Is your personal information out there for everyone to see?
Is your personal information out there for everyone to see?

Are you sharing way more than you think or would like to and don't even know about it? Many Facebook users are finding that out.

Note: This article contains excerpts from article: Facebook's Washington Problem published in Bloomberg Business Week Magazine May 17 - May 23, 2010 and a few Online Blog Posts.

Today Facebook users revolted over privacy fears (as reported by The Frontline in the U.K)
New research from data protection firm Sophos shows the majority of Facebook users are considering quitting the social network because of privacy fears.

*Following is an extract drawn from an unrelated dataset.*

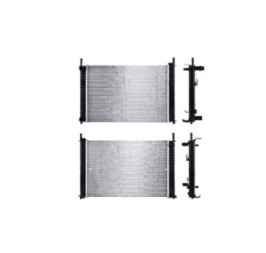 Radiador Ford Fiesta 2001 2002 2003 2004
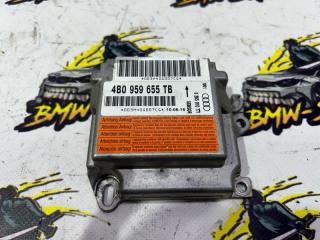 Запчасть блок управления аирбаг audi s6 2001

The research shows that it is not only global data protection bodies that are anxious about Facebook's privacy settings.

Sophos took a poll of 1588 Facebook users and found that 60 per cent are considering leaving the network because they do not believe they have enough control over their data.

Another 16 per cent of those polled claim to have already stopped using Facebook because of its lack of privacy.

Meanwhile, since Facebook introduced its latest controversial privacy settings in December, it admits that 50 per cent of users have changed the pre-selected settings on their account, compared to 15 to 20 per cent previously.

The December changes meant that more details contained in user profiles were publically displayed by default, including picture, current city, list of friends and fan pages. Users had previously been given the option of exposing a limited profile or remaining hidden altogether.

Facebook has admitted its privacy policy is "too complex" for users and is reportedly planning to make changes to it within a matter of days.

The article: Facebook's Washington Problem, published in Bloomberg Business Week, clearly outlines that there's always a challenge of innovating faster than the users understand or are willing to accept. The users feel, rightly so, that they should be the ones to choose to share their information not, the other way around. At a result, the six-year-old online phenomenon continually tests their tolerance for sacrificing policy.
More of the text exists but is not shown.